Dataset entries
+---+
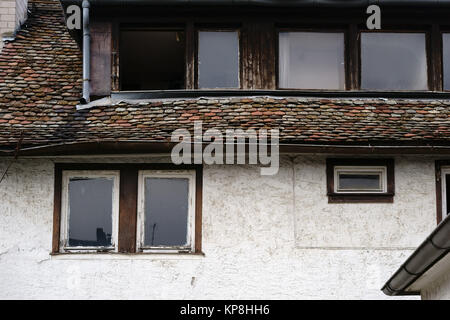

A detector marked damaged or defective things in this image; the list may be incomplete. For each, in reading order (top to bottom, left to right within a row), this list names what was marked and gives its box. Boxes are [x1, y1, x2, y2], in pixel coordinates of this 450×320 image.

broken window pane [120, 29, 185, 90]
broken window pane [197, 30, 239, 88]
broken window pane [278, 32, 344, 89]
broken window pane [360, 33, 428, 90]
broken window pane [340, 172, 382, 192]
broken window pane [68, 178, 115, 248]
broken window pane [144, 178, 190, 248]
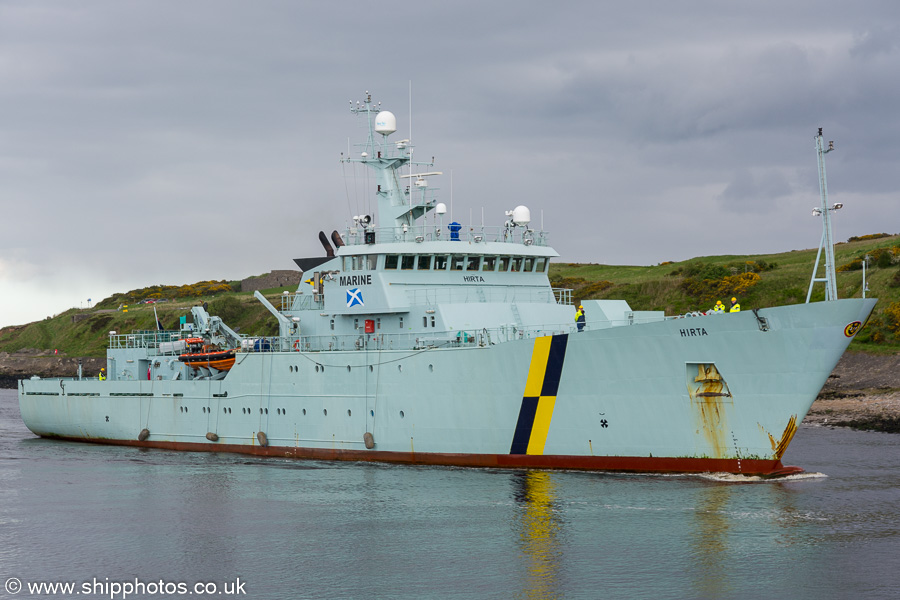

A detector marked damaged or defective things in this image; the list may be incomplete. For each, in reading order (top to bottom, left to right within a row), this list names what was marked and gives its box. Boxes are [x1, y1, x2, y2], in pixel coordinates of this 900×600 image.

rust streak on hull [38, 434, 796, 476]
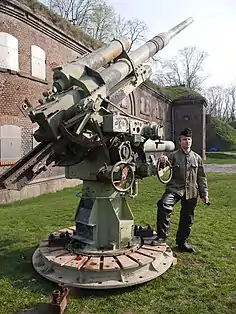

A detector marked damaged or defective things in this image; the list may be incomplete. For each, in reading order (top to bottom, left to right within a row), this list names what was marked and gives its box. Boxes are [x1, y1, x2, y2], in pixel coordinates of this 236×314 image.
+---+
▸ **Activity**: All the lines above need to be repeated exactly, with no pictures carried over.

▸ **Exercise result**:
A detector marked damaged or defective things in this image; the list may be incomplete. For each, in reading order (top to bottom, left to right within a row), this list names what was marked and gives its box. Boxes are [x1, y1, x2, y2], in pixel coordinates of this 450×320 image.

broken window pane [120, 29, 185, 90]
broken window pane [197, 30, 239, 88]
broken window pane [278, 32, 344, 89]
broken window pane [360, 33, 428, 90]
broken window pane [340, 172, 382, 192]
broken window pane [68, 178, 115, 248]
broken window pane [144, 178, 190, 248]

A detector marked damaged or defective things in this image; the list may be incomplete. For each, in reading order (top to bottom, left to right within a row), this list names what was marked and gives its box. Boxes are [x1, y1, x2, y2], in pixel coordinates of this 900×600 image.

rust streak on hull [38, 434, 796, 476]

A detector marked damaged or defective things in this image; the list may be incomplete. For each, in reading order (top to bottom, left to right within a row), this list names what was marked and gives its box. Boxes are [x1, y1, x2, y2], in pixel coordinates of this 236×314 image.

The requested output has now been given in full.